WHAT TO DO: All records below are to be set down precisely as written, excluding pictures.

Caption-style text data:
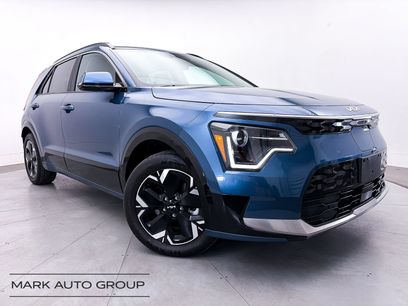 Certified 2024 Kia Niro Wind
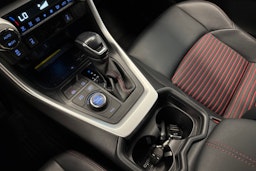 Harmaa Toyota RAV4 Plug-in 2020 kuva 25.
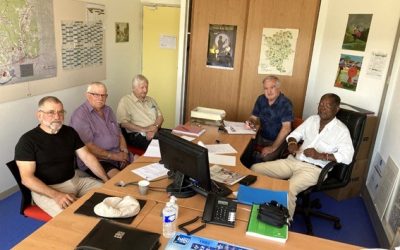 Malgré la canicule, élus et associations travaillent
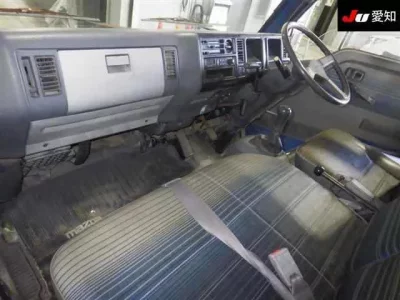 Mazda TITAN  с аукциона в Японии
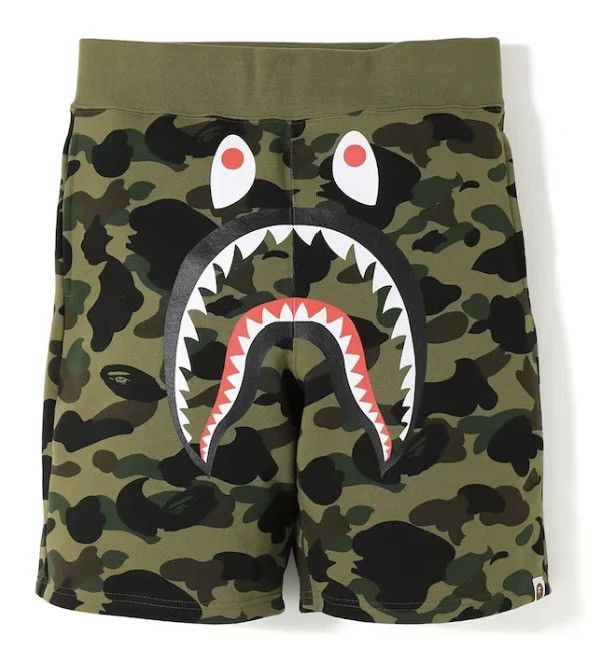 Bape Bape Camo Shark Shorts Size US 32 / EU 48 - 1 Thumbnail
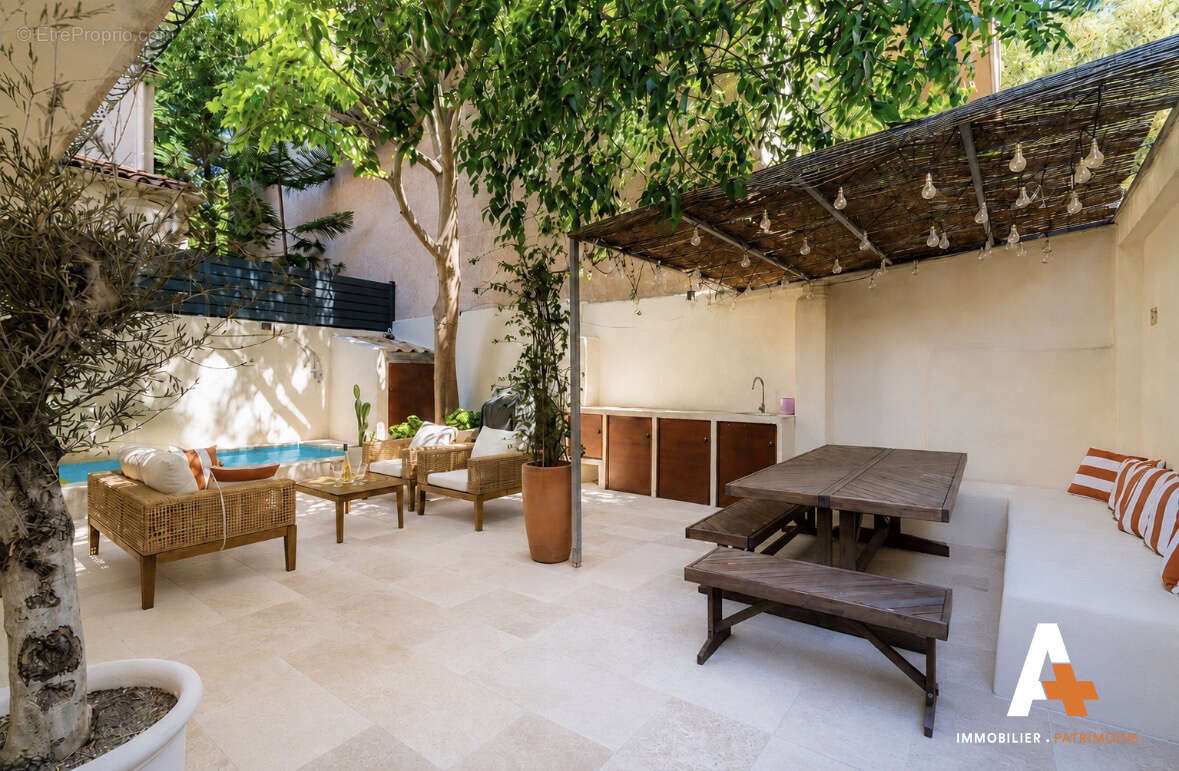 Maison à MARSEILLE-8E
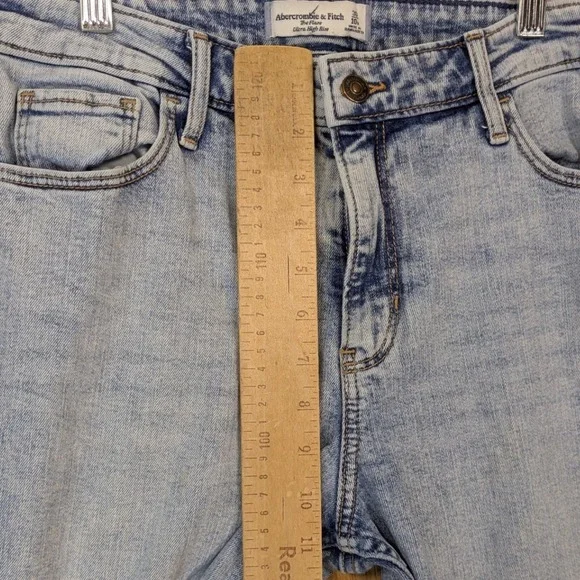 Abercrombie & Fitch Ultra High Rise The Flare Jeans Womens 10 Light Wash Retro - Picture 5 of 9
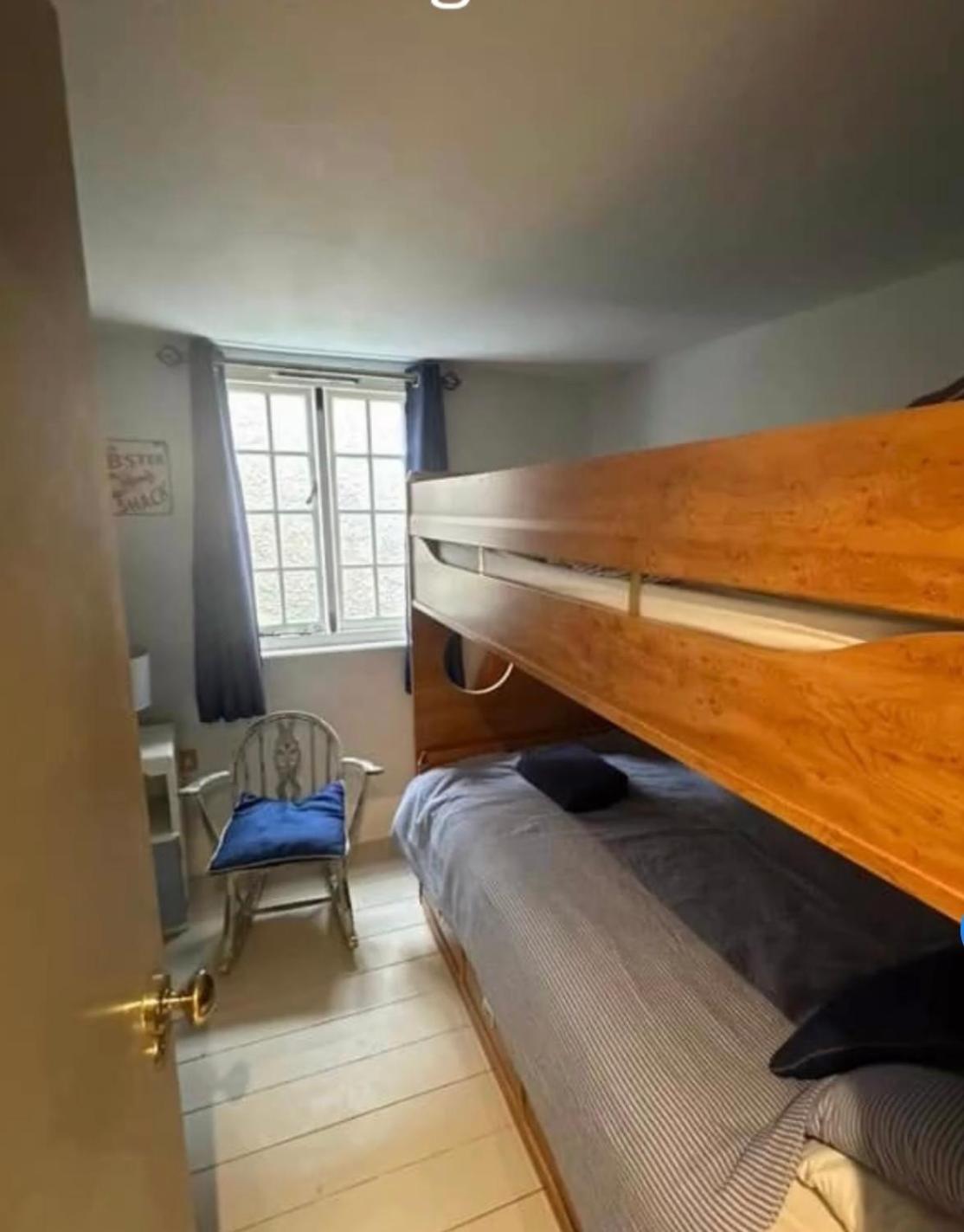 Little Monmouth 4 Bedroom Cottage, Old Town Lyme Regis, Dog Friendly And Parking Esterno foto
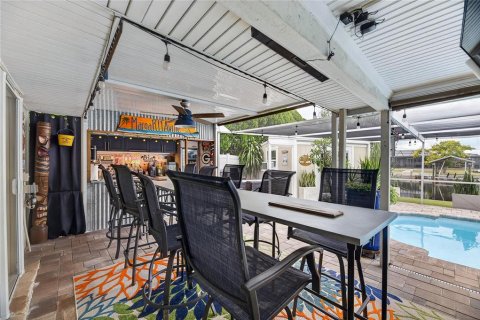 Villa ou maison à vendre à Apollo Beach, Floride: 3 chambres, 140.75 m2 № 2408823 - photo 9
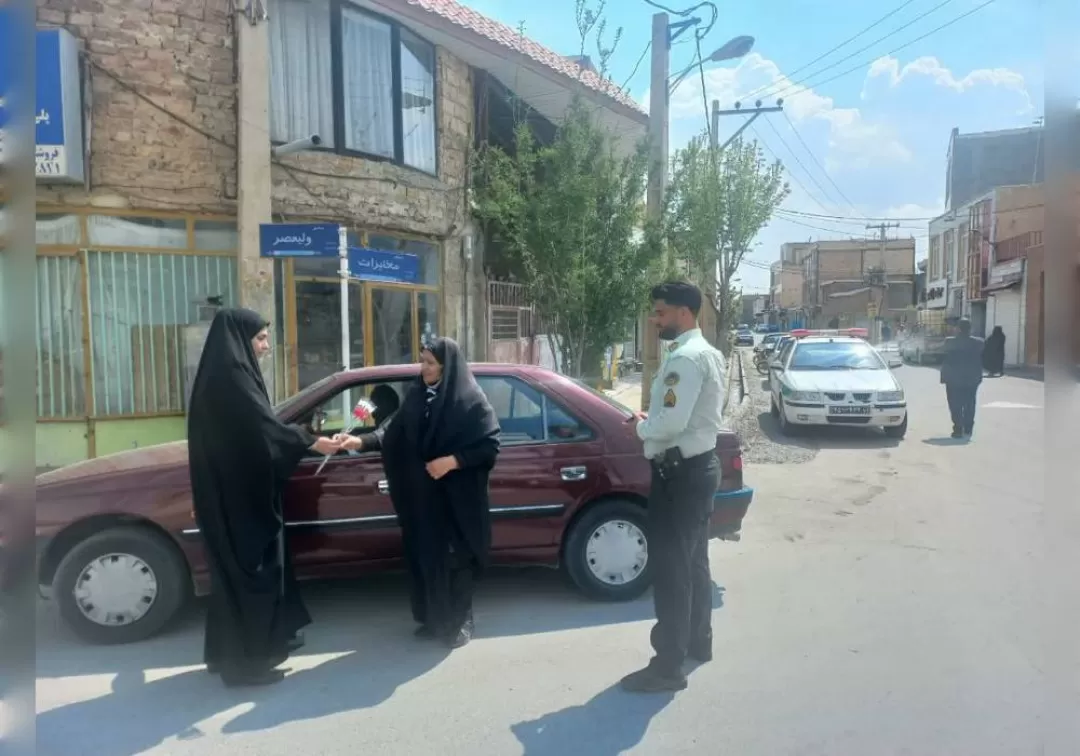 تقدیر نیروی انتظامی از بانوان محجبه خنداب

RESPONSE TO THIS EXERCISE:
 Certified 2024 Kia Niro Wind
 Harmaa Toyota RAV4 Plug-in 2020 kuva 25.
 Malgré la canicule, élus et associations travaillent
 Mazda TITAN  с аукциона в Японии
 Bape Bape Camo Shark Shorts Size US 32 / EU 48 - 1 Thumbnail
 Maison à MARSEILLE-8E
 Abercrombie & Fitch Ultra High Rise The Flare Jeans Womens 10 Light Wash Retro - Picture 5 of 9
 Little Monmouth 4 Bedroom Cottage, Old Town Lyme Regis, Dog Friendly And Parking Esterno foto
 Villa ou maison à vendre à Apollo Beach, Floride: 3 chambres, 140.75 m2 № 2408823 - photo 9
 تقدیر نیروی انتظامی از بانوان محجبه خنداب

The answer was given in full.